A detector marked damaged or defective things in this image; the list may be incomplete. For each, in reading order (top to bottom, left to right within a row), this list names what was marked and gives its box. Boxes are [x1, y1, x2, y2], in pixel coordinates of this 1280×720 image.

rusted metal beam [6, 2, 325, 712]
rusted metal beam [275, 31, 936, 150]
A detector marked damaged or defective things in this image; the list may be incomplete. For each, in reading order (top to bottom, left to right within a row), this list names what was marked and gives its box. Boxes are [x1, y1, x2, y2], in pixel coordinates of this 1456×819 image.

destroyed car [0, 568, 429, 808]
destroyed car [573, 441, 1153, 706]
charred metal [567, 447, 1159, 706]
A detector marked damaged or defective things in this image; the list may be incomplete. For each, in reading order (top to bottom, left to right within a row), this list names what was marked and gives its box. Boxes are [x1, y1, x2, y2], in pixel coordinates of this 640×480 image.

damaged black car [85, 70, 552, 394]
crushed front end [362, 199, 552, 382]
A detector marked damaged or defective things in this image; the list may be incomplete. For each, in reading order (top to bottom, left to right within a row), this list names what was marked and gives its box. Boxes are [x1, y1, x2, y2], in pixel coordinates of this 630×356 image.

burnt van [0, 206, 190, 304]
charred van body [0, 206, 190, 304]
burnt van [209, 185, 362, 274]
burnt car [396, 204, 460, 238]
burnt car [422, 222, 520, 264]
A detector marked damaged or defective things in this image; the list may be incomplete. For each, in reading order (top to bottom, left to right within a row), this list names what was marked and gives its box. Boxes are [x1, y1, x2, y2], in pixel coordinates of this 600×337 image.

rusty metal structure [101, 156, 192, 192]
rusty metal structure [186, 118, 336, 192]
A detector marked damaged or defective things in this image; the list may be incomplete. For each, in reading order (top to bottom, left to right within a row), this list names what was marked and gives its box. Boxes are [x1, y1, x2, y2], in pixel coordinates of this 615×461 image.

### Problem
Find the line with "this 600×337 image." in the listing above, then write out that line and each remaining line exactly, with no other text.

### Response box
A detector marked damaged or defective things in this image; the list may be incomplete. For each, in reading order (top to bottom, left to right within a row), this list names what was marked and gives its box. Boxes are [x1, y1, x2, y2], in pixel coordinates of this 600×337 image.

rusty metal structure [101, 156, 192, 192]
rusty metal structure [186, 118, 336, 192]
A detector marked damaged or defective things in this image; the list may be incomplete. For each, in reading order (top to bottom, left to right within a row), this list names what was marked and gives its box. Boxes are [x1, y1, x2, y2], in pixel coordinates of this 615×461 image.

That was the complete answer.